- What is expected
Below, locate the line that contains "Magic Slide Puzzle Pets". Repeat exactly from that line to the line that contains "Solar Strand, University", inclusive, leaving out the pictures.

- Supplied data
=-=-=-=-=

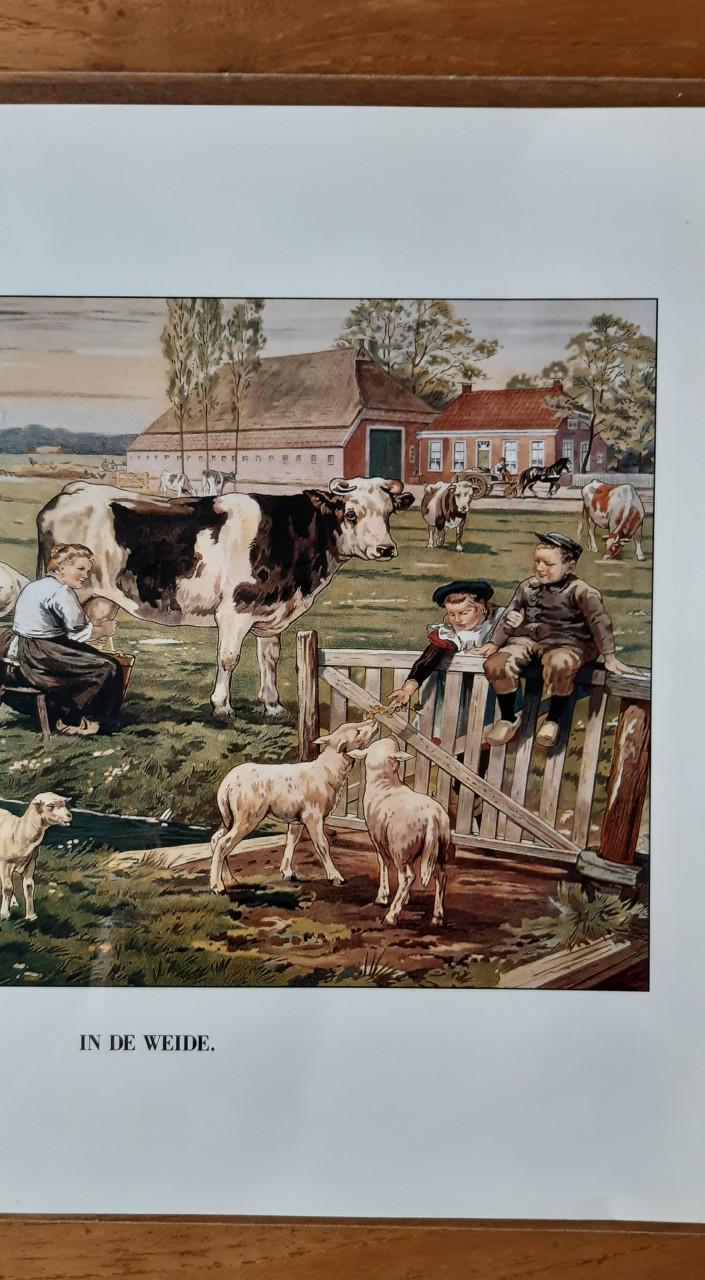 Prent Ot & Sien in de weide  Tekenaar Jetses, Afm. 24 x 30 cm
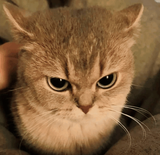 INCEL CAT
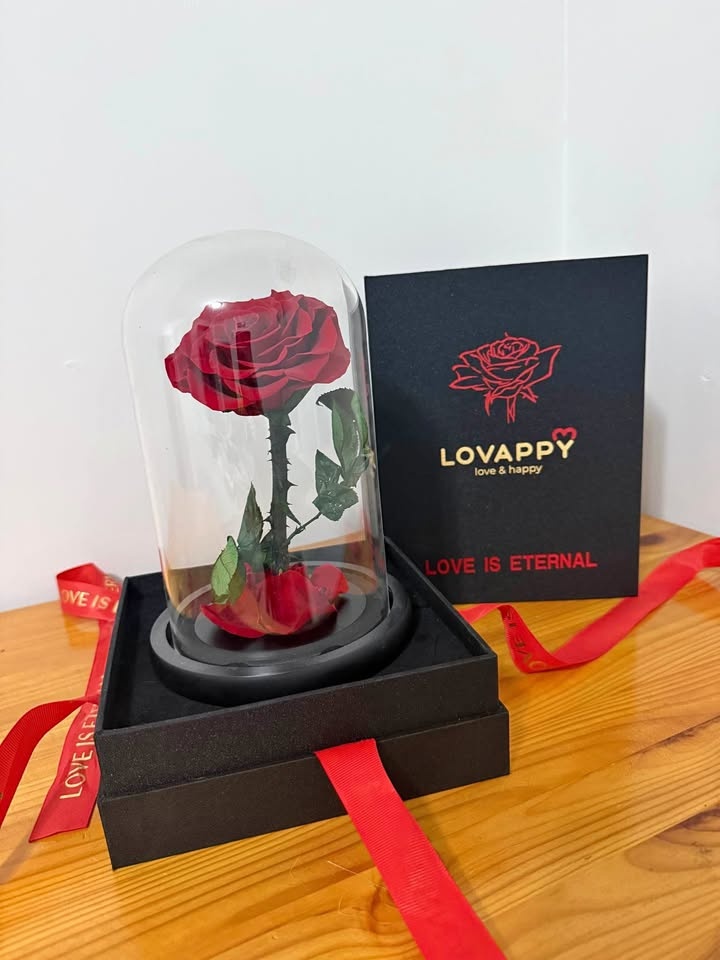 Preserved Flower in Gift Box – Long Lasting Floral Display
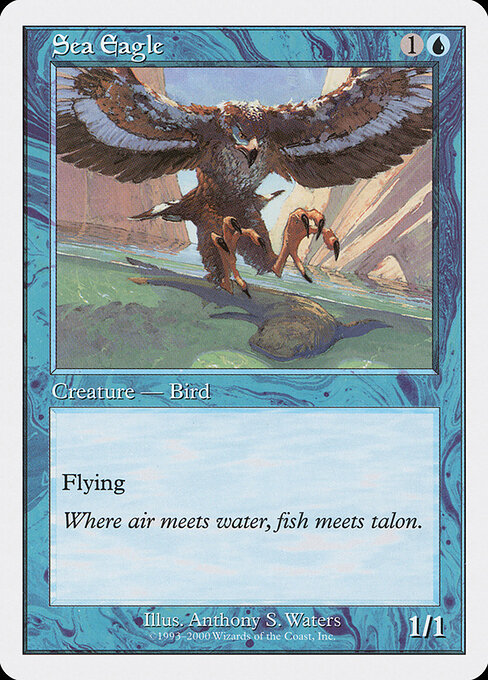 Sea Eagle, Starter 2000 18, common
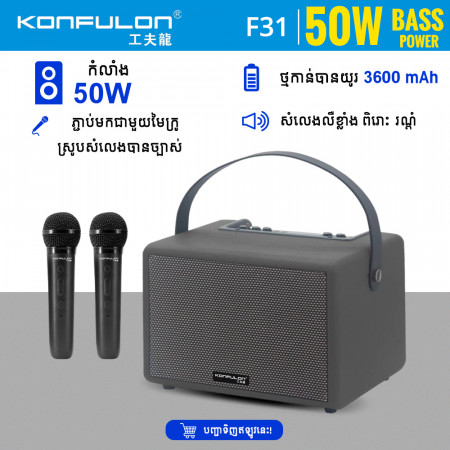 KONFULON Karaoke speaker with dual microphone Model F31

=-=-=-=-=

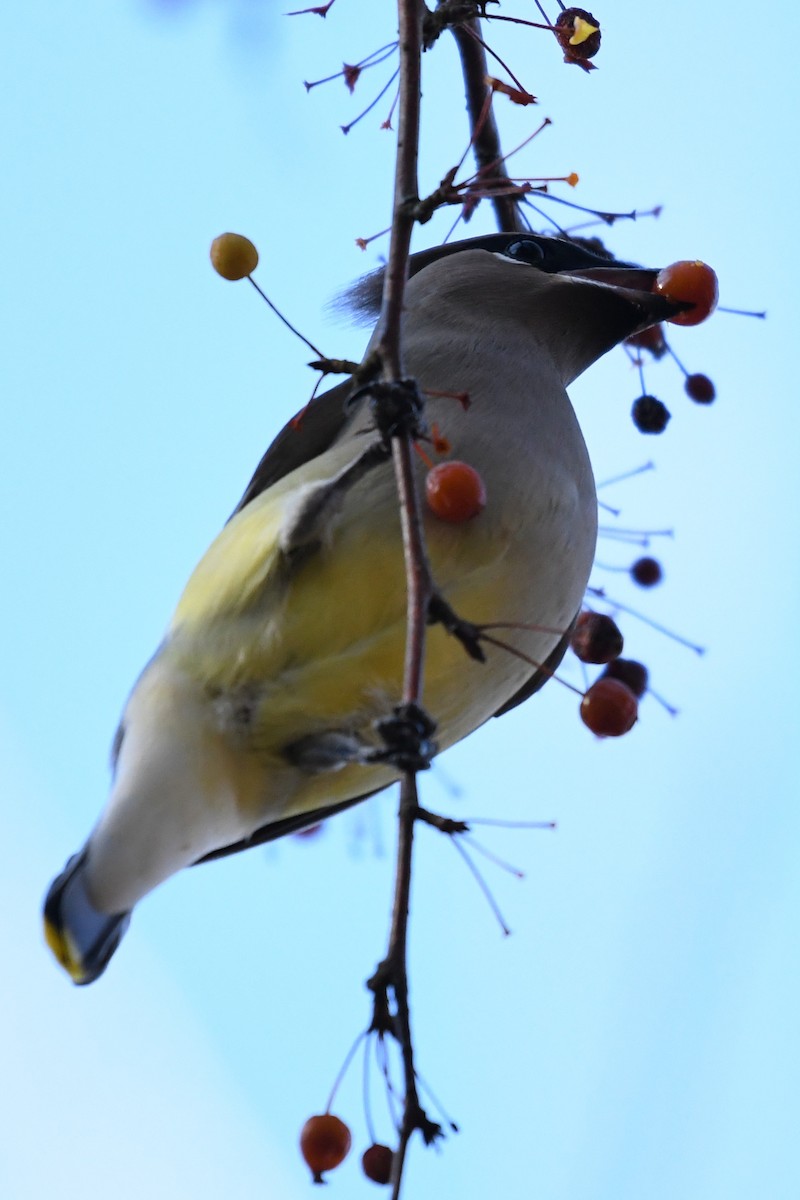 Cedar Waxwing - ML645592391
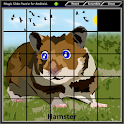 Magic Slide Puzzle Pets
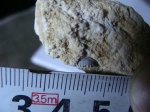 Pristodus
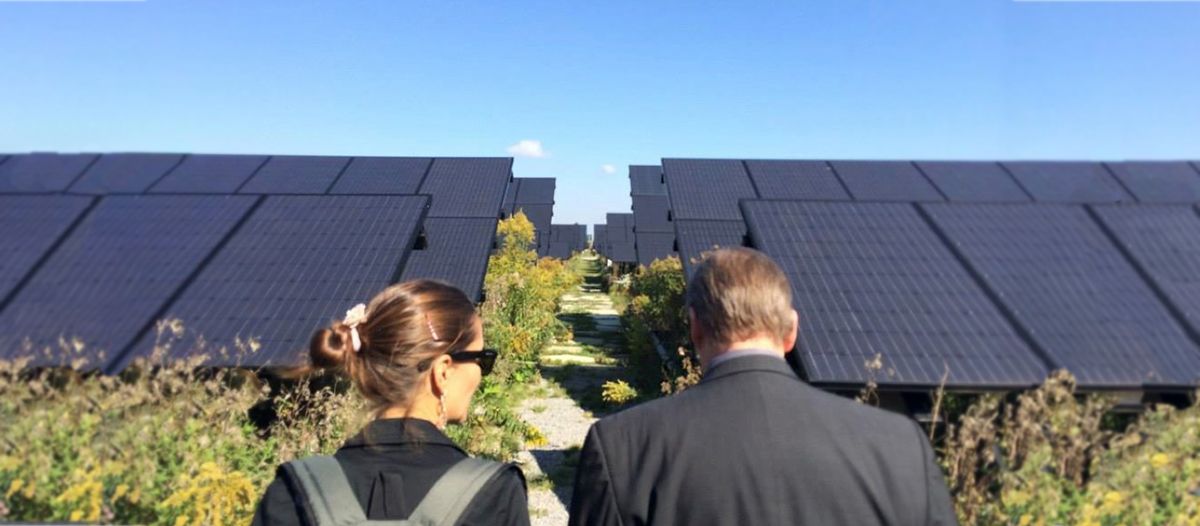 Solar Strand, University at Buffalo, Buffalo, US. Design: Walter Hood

=-=-=-=-=

- Problem solution
 Magic Slide Puzzle Pets
 Pristodus
 Solar Strand, University at Buffalo, Buffalo, US. Design: Walter Hood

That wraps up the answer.